Crawl4AI + RAG - question

Hi everyone,

Wondering if anyone has used Crawl4AI for RAG use cases like Cole shows in this video?

I’d like to do this kind of setup where I use Crawl4AI to regularly a check a given list of URLs to see if the different websites have been updated and, if so, to update a database with that data.

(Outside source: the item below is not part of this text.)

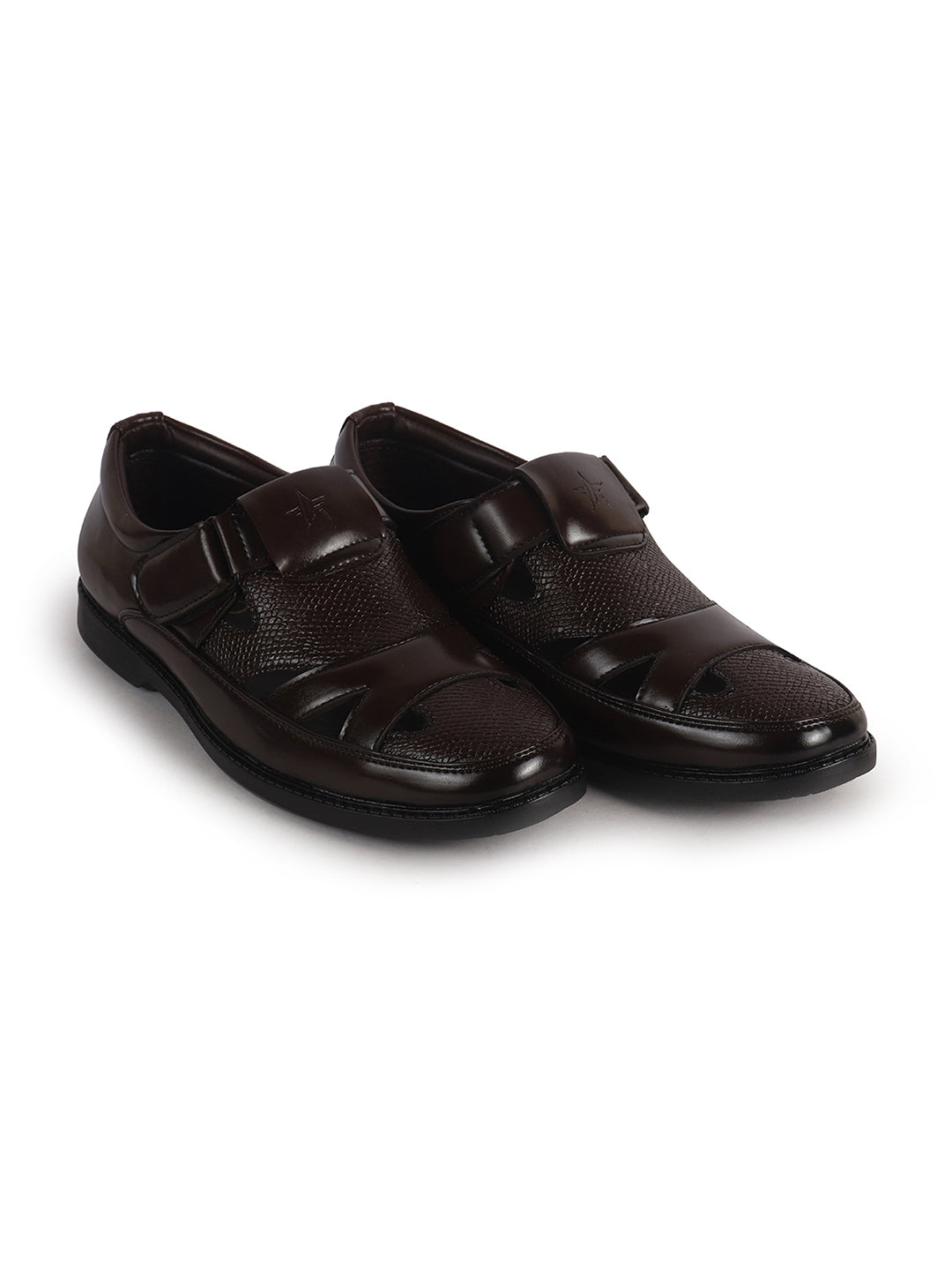 mens roman sandals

Can you use the multi-URL function in crawl4AI if each URL is a different website as opposed to a different page on the same site?

2 Likes

Yes you certainly can! There really isn’t a difference between if the pages you are scraping in parallel are from the same site or not! :smiley:

Thanks, Cole!

So I guess if I wanted to run the agent and the only change I wanted to make was rather than crawl all the pages on the one website (e.g. ai(dot)pydantic(dot)dev) but instead, say, a list of pages on different websites

e.g.

  • newyorktimes(dot)com/pricing
  • wallstreetjournal(dot)com/pricing
  • washingtonpost(dot)com/pricing
    etc

Then to implement that change I guess I have to make some small change to the following function and then it should run as you have implemented it but for the different sources?

def get_pydantic_ai_docs_urls() → List[str]:

Having read through the code this seems like the only area that needs to be modified for the use case I mentioned above. Or have I missed something?

Thanks again!

1 Like

That is exactly right! Only place to have to edit is where you get the list of URLs and that’s it!